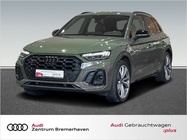 Audi SQ5 2023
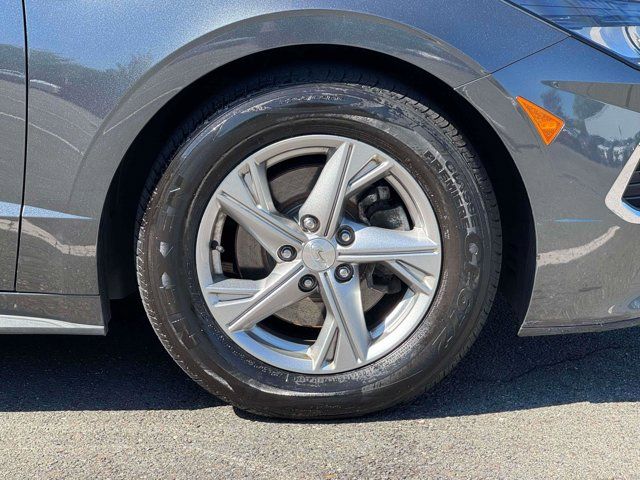 2023 Hyundai Sonata SE 2023 Hyundai Sonata SE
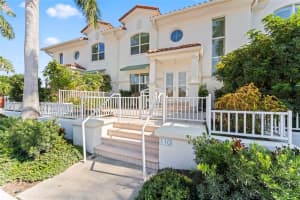 1325 Snell Isle Blvd Ne #110, ST PETERSBURG 1325 Snell Isle Blvd Ne #110, ST PETERSBURG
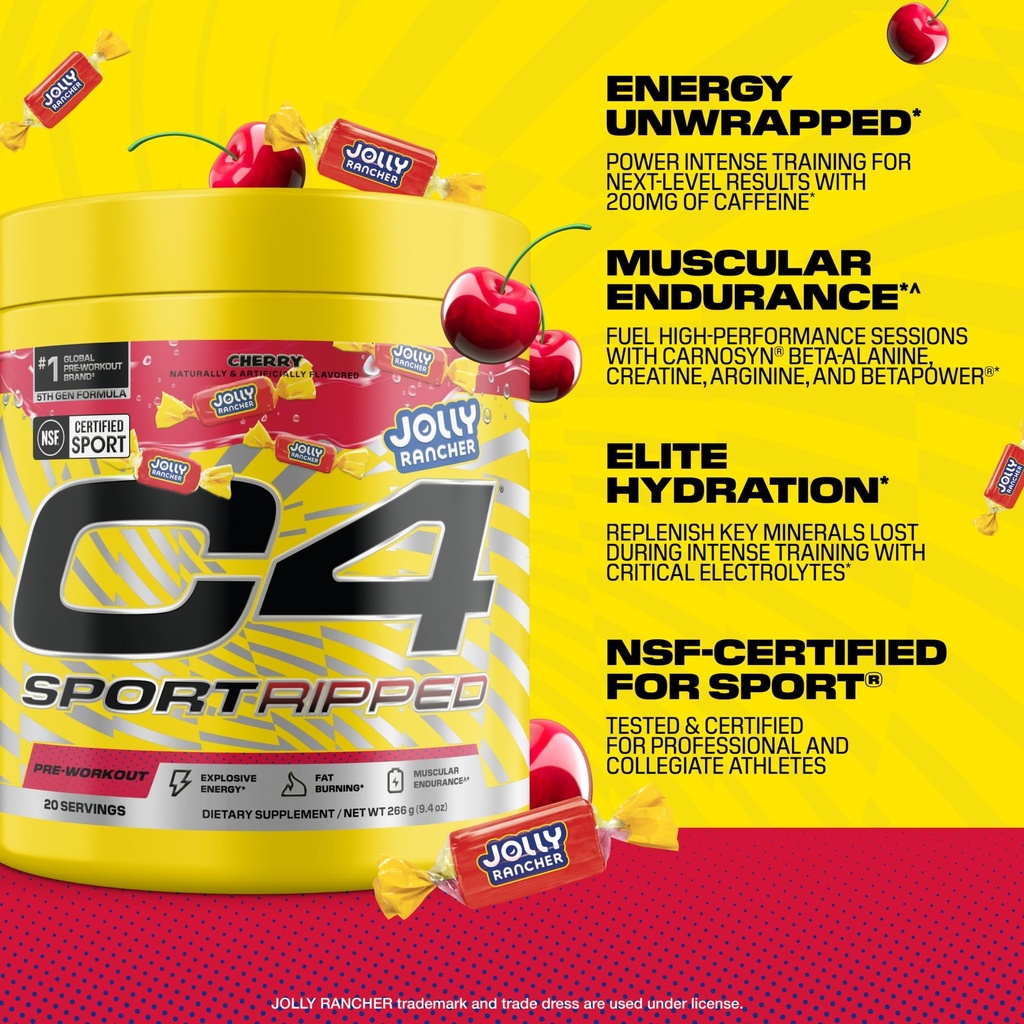 c4-sport-ripped-pre-workout-powder-jolly-2.jpg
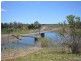 Lot 2 Luckes Road, Bucca QLD 4670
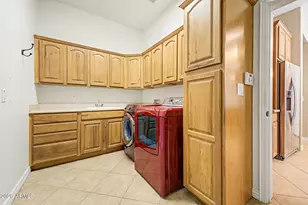 5534 W Riviera Dr, Glendale, AZ 85304 - Photo 43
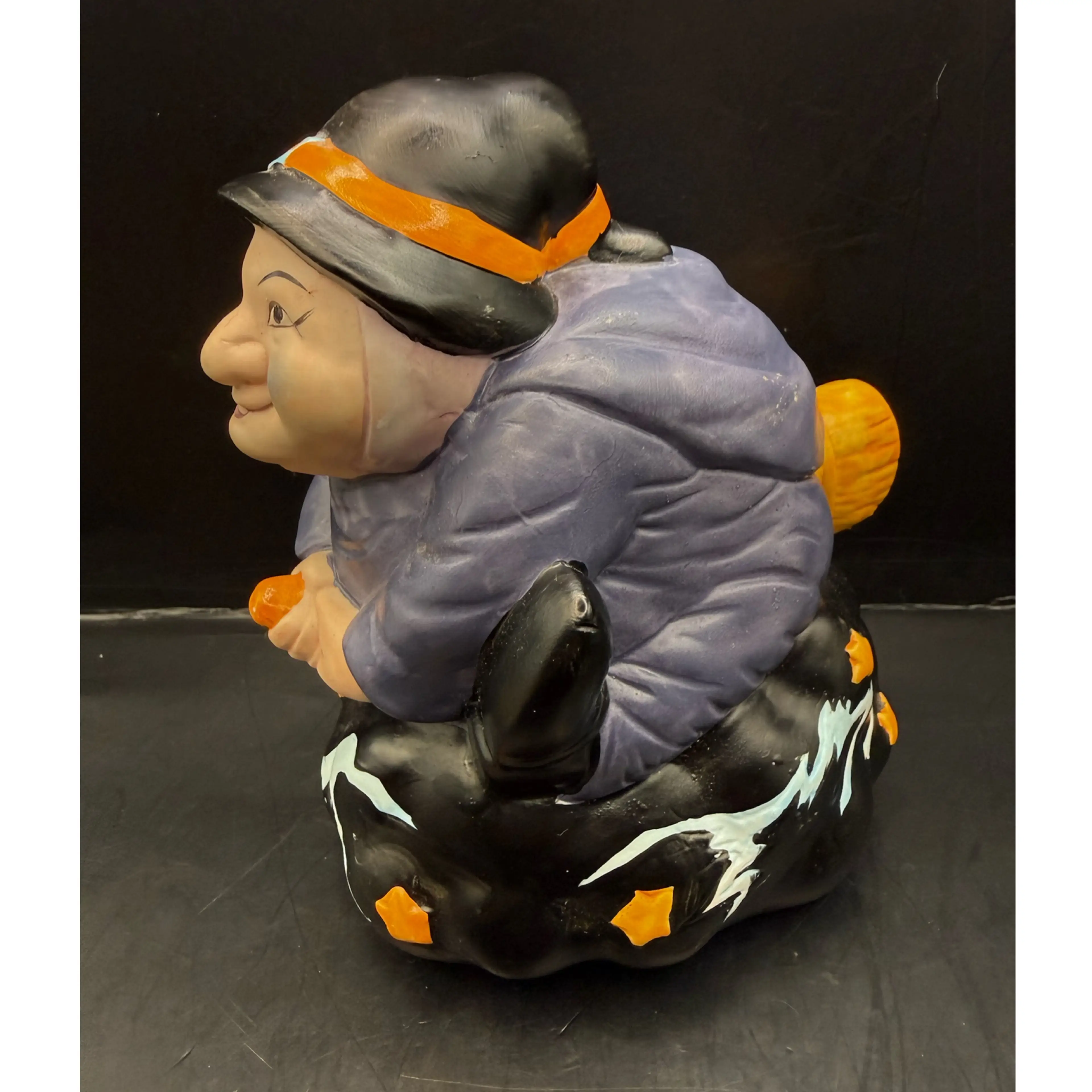Image 2 of 7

****************************************

## WHAT THE TASK ASKS
Please return, exactly and with pictures omitted, the lines from the line holding "1325 Snell Isle Blvd Ne #110, ST PETERSBURG 1325" through the end of the data above, inclusive.

## ANSWER SPACE
 1325 Snell Isle Blvd Ne #110, ST PETERSBURG 1325 Snell Isle Blvd Ne #110, ST PETERSBURG
 c4-sport-ripped-pre-workout-powder-jolly-2.jpg
 Lot 2 Luckes Road, Bucca QLD 4670
 5534 W Riviera Dr, Glendale, AZ 85304 - Photo 43
Image 2 of 7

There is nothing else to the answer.